From Central Europe to Central Asia, countries come to these challenges from a shared experience of state planning. Most have a proud legacy of educational achievement and large numbers of people doing research. With some 3,500 researchers per million of its population, Russia has as many researchers as Germany and Canada. But only a few countries in the region have managed to translate these potential strengths into commercially-viable innovations.
One problem is the low level of spending on R&D, which stands at less than one percent of GDP. This is below levels invested in most European Union states, which have set themselves a target of three percent, and one third of R&D spending in Japan and the US. But it is not only a question of too little investment. Equally important is where the funding comes from: two-thirds of research spending in the once centrally-planned economies of Europe and Central Asia comes from well-meaning governments with little understanding of the market. In Western Europe the proportions are reversed, with the private sector accounting for 65 to 70 percent of the total. In Japan, the private sector’s share stands at 80 percent.

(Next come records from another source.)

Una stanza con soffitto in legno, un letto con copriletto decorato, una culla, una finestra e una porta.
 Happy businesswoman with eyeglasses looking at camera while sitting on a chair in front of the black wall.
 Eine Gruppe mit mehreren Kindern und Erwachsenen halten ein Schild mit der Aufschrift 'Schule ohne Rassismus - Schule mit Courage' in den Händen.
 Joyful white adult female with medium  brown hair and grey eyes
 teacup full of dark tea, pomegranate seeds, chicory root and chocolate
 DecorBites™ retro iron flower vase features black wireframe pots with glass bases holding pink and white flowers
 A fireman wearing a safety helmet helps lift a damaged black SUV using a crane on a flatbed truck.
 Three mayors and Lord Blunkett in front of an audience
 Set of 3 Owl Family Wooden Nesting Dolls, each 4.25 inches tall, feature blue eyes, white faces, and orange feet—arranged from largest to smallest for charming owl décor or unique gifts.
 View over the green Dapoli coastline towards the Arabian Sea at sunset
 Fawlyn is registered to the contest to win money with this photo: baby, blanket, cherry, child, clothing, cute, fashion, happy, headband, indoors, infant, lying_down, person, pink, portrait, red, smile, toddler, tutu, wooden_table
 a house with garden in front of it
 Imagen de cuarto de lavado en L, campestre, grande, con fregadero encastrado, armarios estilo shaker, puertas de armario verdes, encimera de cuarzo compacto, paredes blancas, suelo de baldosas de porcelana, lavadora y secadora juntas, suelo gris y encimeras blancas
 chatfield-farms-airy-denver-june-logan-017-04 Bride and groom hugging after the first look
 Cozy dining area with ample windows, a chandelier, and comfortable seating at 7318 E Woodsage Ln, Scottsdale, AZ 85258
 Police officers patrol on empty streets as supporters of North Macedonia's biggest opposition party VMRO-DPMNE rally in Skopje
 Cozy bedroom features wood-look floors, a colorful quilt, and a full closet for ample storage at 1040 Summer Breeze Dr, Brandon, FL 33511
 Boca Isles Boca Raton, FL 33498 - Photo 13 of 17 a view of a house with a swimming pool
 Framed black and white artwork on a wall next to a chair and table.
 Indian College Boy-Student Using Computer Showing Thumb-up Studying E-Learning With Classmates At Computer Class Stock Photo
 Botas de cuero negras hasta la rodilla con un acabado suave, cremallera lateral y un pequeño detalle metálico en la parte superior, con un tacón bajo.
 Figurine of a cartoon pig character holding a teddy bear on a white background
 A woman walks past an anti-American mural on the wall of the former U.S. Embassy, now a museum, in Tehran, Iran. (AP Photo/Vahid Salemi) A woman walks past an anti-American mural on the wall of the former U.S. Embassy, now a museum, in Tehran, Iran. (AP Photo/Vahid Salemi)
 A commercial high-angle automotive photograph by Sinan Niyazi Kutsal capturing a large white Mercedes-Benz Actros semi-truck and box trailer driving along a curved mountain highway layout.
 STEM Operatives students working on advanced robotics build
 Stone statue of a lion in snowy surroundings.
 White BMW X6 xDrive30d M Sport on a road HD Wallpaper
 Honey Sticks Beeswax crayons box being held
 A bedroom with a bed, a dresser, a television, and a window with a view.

This matters because governments in the transition economies have a poor record in building bridges between universities and research institutions, on the one side, and private enterprises, on the other. Experience shows that without these linkages, innovation is often still-born. In the countries of the Commonwealth of Independent States, for example, most research organizations are government-owned, and their sights are set on securing funding from the authorities rather than servicing private enterprises’ need for innovation.
Converting R&D into successful commercial applications, which is an important element in sustained economic growth, will require governments in Eastern Europe and Central Asia to stop spending their limited resources on archaic innovation systems and start encouraging private enterprises to step into the breach, as their counterparts do further west.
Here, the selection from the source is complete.